**What is needed:** Every entry is to be restated exactly; pictures are not part of the copy.

Raw data section start

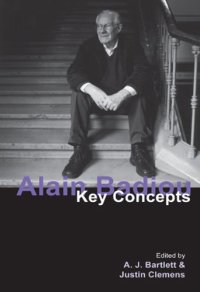 cover of the book Alain Badiou (Key Concepts)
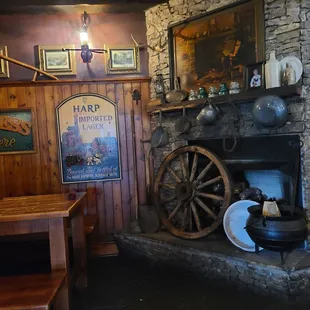 Real pub built in Ireland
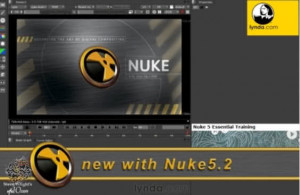 Lynda com Nuke 5 Essential Training DVD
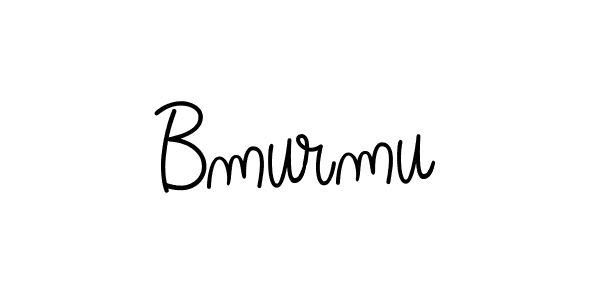 See photos of Bmurmu official signature by Spectra . Check more albums & portfolios. Read reviews & check more about Angelique-Rose-font-FFP font. Bmurmu signature style 5 images and pictures png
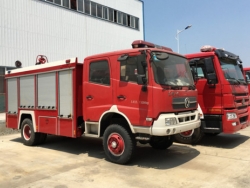4кс2 6000 литров пожарной машины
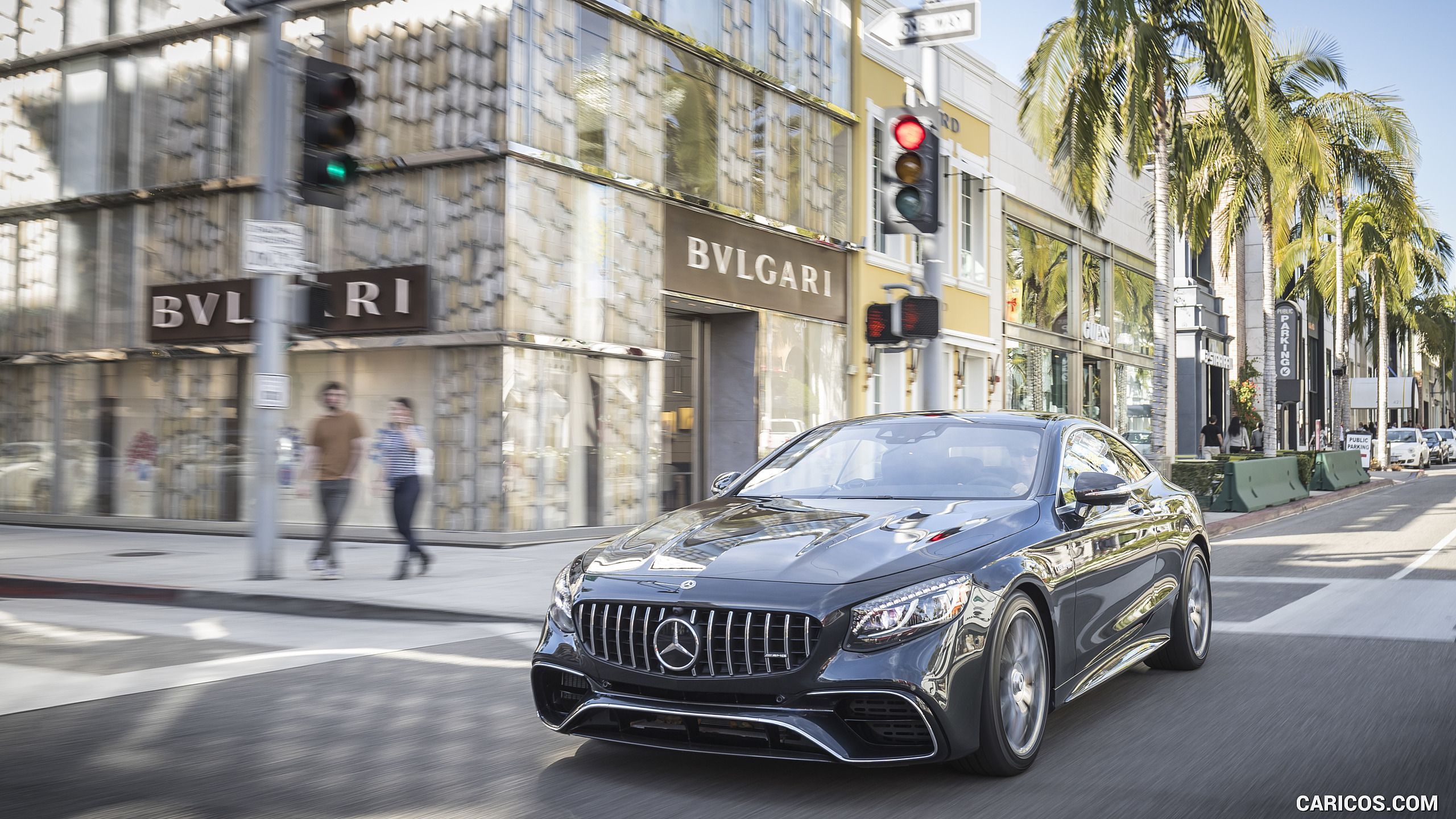 Mercedes S63 Wallpaper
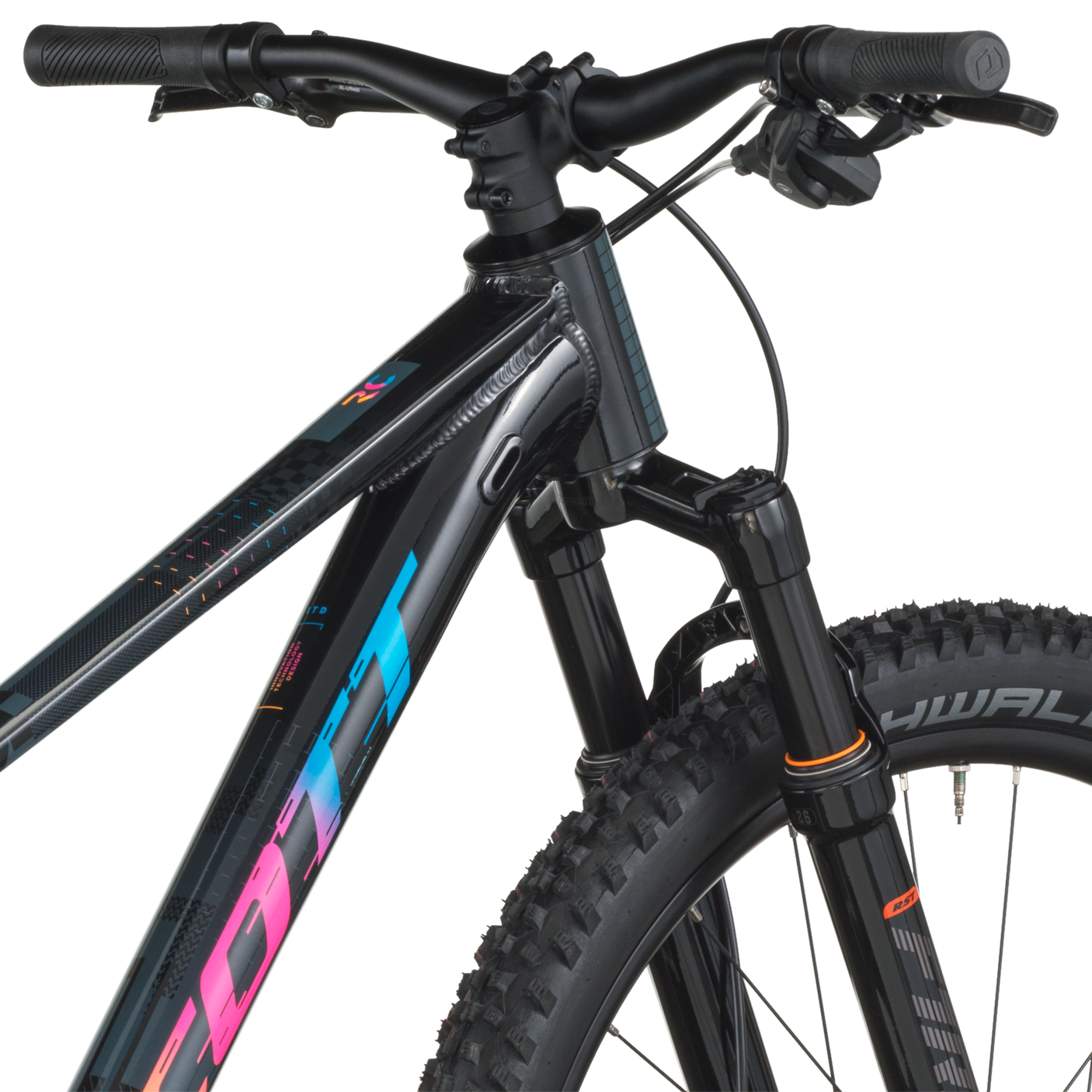 scott mountainbike 26 zoll damen Scott Scale RC 600 (2026) | 26 Zoll Jugend-/Kinder-MTB | black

Raw data section end

**Answer section:**
 cover of the book Alain Badiou (Key Concepts)
 Real pub built in Ireland
 Lynda com Nuke 5 Essential Training DVD
 See photos of Bmurmu official signature by Spectra . Check more albums & portfolios. Read reviews & check more about Angelique-Rose-font-FFP font. Bmurmu signature style 5 images and pictures png
4кс2 6000 литров пожарной машины
 Mercedes S63 Wallpaper
 scott mountainbike 26 zoll damen Scott Scale RC 600 (2026) | 26 Zoll Jugend-/Kinder-MTB | black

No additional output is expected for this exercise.